## About this exercise
Nothing but the lines from the one containing "Hojas De Otoño，Caer PNG" to the end of the data should be copied, exactly, and the pictures stay out.

## Available data

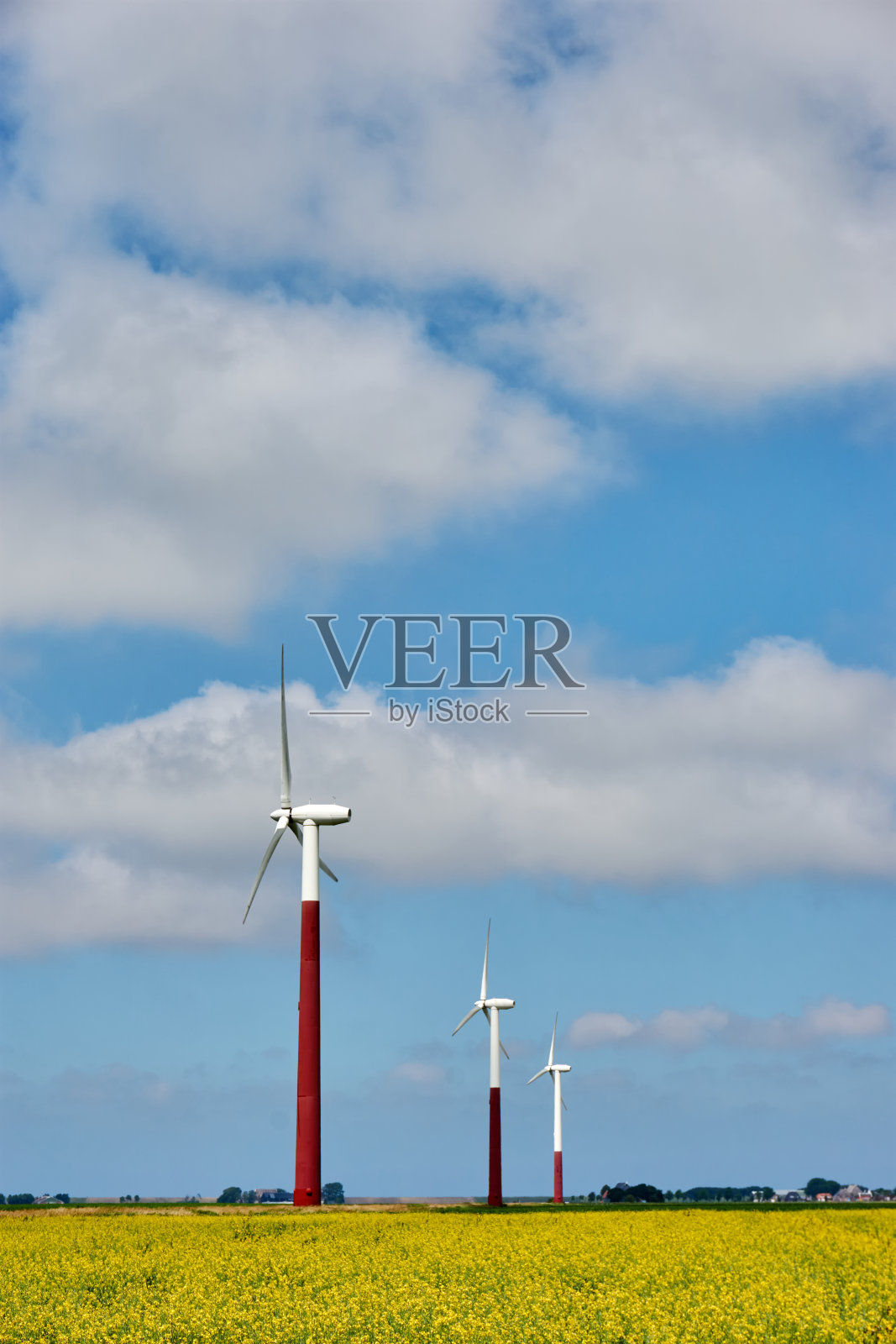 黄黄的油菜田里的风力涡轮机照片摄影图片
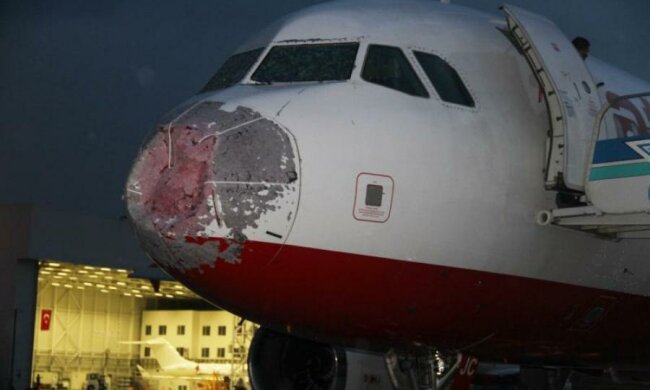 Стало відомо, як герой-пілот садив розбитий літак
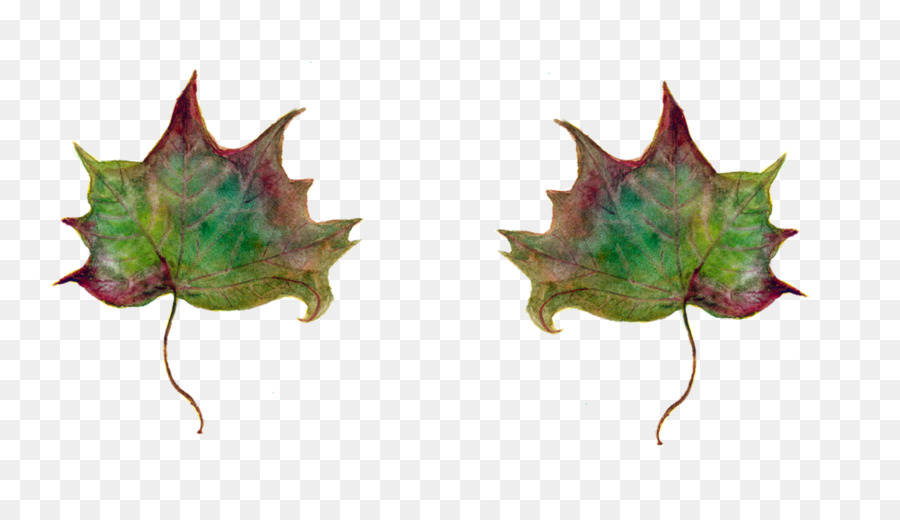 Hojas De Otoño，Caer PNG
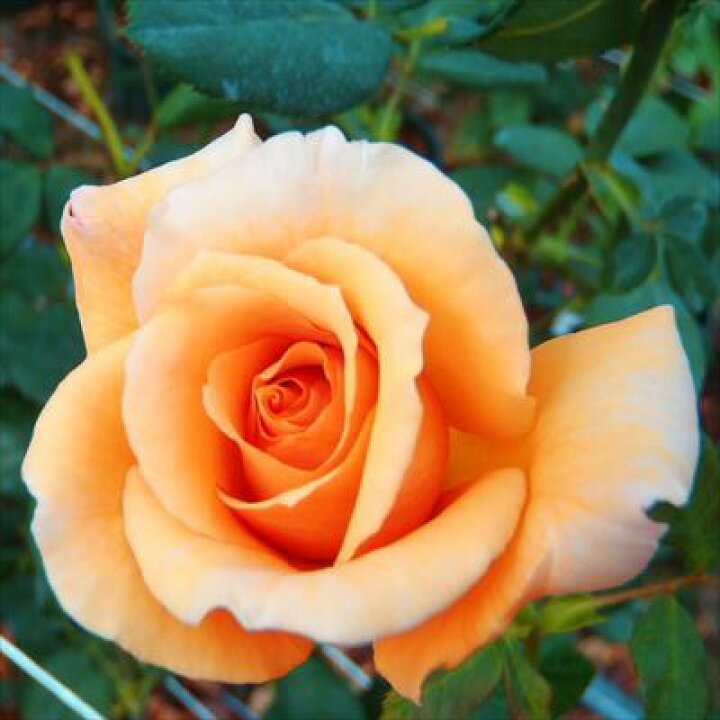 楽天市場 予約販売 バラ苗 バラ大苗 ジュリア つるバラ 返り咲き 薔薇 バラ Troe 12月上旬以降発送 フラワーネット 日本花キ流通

## Expected answer
 Hojas De Otoño，Caer PNG
 楽天市場 予約販売 バラ苗 バラ大苗 ジュリア つるバラ 返り咲き 薔薇 バラ Troe 12月上旬以降発送 フラワーネット 日本花キ流通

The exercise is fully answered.